同期だった友達はもう社会人を4年もやってるらしい。私と彼らの過ごした4年の感覚は多分違うと思う。新しい環境に入ってから人の体感時間は長くなるように感じる。新しい人間関係、新しい街、新しい生活。私はと言えば変わらない環境から仲のいい友達を差し引いた4年間なので本当にあっという間だった。どんなことをしたのか。正直あまり思い出せない。

時間軸は人間関係に基づいて受容されるように思う。1人で過ごした時間も貴重だが、案外振り返ってもかけらも残ってないことも多い。

過去を振り返るとき、例えばの話だが、好きな人とどんなことをしたかを初めに思い浮かべるように、まず浮かんだ人物との関連を思い出す。(もしかしてこれは私だけなのだろうか)

特定の誰かが出てこなかったり、1人で過ごしてる事が多い1年はなんだか何も残ってないように感じる。

4月から私はどんな人間関係を構築するのか楽しみだ。新しく誰かと仲良くなるのが楽しみ。

社会人になったらそれはそれは辛いことだらけなのかもしれないけれど、それ以上に久しぶりに経験する新環境というものに期待している。

まぁあれもこれも国家試験受かってなきゃなんですけど…明日発表かぁ。落ちてたら受かったフリします。
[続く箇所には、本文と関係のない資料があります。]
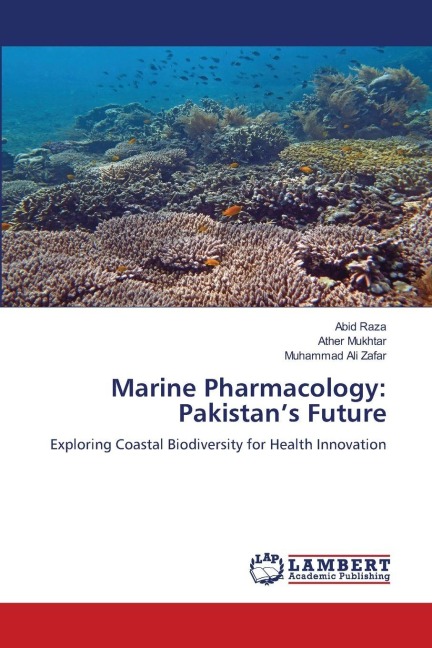 Marine Pharmacology: Pakistans Future: Exploring Coastal Biodiversity for Health Innovation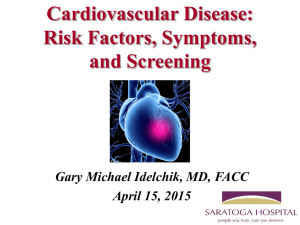 Risk Factors, Symptoms, and Screening
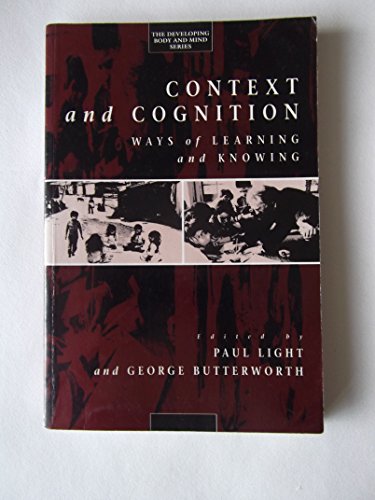 Stock image for Context and Cognition: Ways of Learning and Knowing (Developing Body & Mind S.) for sale by WorldofBooks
真相は闇の中。

 

いろんなことを思い出したら凄い楽しかった幻みたいな長い大学生活もようやく終わりました。私の中に残っている貴方たちの中には私は残ってないかもしれないし、これから消えちゃうことと思いますけれど、私は記憶力には自信がある方なんです。若かりし貴方たちは、更新されることなく私の中にいます。いつか私のことも思い出してね。

8年間ありがとうございました。

 

追記

チャットモンチーのコピーを最後にやり損なった。弾き語りして動画を晒そうかな。